If all the married couples in the United States competed in a "bringing home the bacon" contest, gay men would be the runaway winners.
If all the married couples in the United States competed in a “bringing home the bacon” contest, gay men in same-sex marriages would be the clear-cut winners.
With an average household income of $176,000, married gay men in the United States earn roughly 56 percent more money than their married heterosexual counterparts ($113,000) and 42 percent more than married lesbian couples ($124,000).
That’s according to new data from the Treasury Department, which provide the most accurate snapshot to date of same-sex marriages in the U.S., including where same-sex couples live and how much money they earn.
The Treasury Department also found that in 2014, married men with children far outpaced all other married couples’ earnings — raking in nearly $275,000 on average.
According to The New York Times, the Treasury Department’s analysis says the income disparity between married heterosexuals and married same-sex couples can be attributed to several factors.
For example, same-sex couples are more inclined to live on the coasts and in major metropolitan areas, while average earnings tend to be higher than other regions of the U.S.
The impact of the gender pay gap is also clear. The Times says:
The math here is simple — for heterosexual couples, the gender pay gap affects one partner.
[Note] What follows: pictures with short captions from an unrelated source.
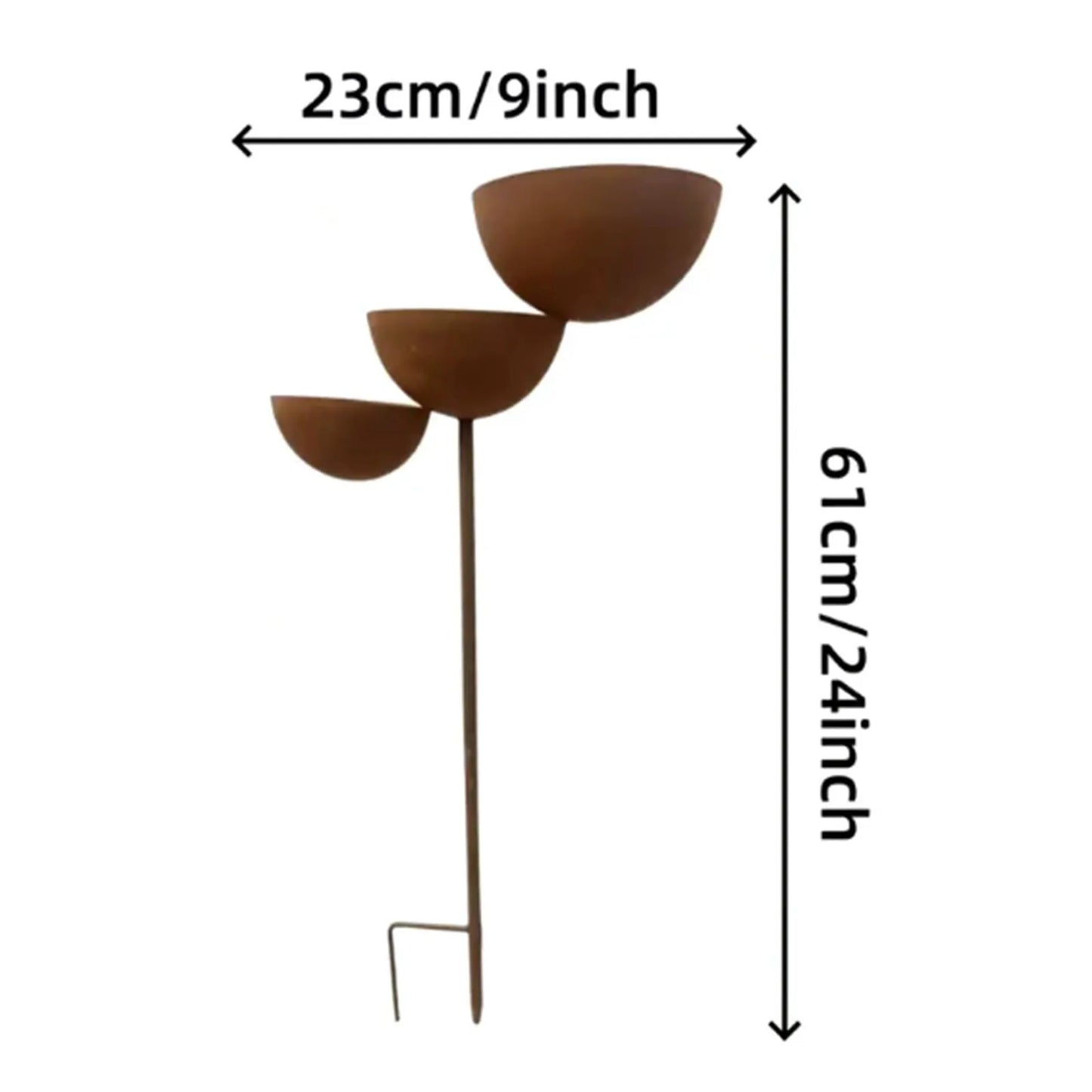 1/2PCS Metal Bird Bath and Water Station Outdoor Garden Decor Iron Bird Feeder Basin For Wild Birds Bees Butterflies Yard Art Peaceful Pleasures Health and Wellness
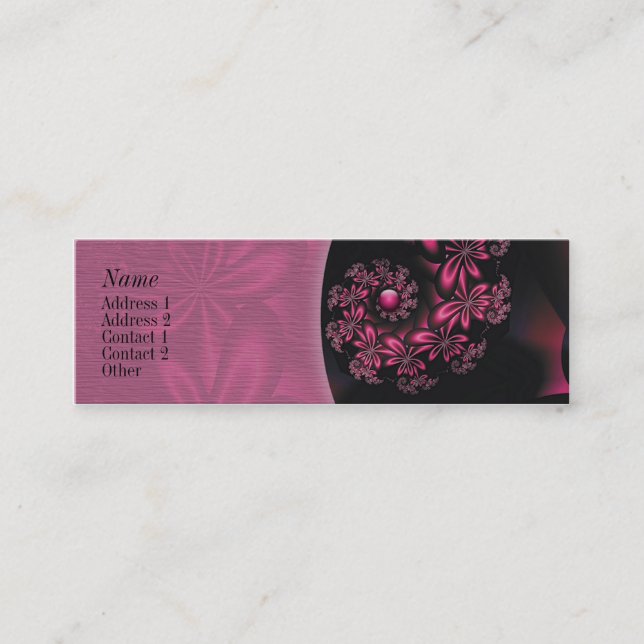 Leidenschafts-Blumen-Kontakt-Geschäfts-Karte Mini Visitenkarte (Vorderseite)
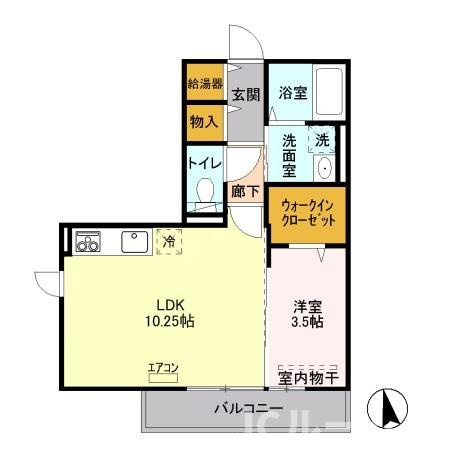 グランディール石橋の間取り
For same-sex female couples, the gender pay gap affects both partners.
Also, the cost of child care can be a bigger burden on couples where at least one of the partners is female.
The Treasury Department also found that same-sex female couples are four times more likely than their married gay male peers to have children, which means those women are forced to try and balance a career and family or trade one for the other.
“Combine that with the likelihood of lower pay to begin with, and you start to understand why the income differences are so large,” explains the Times.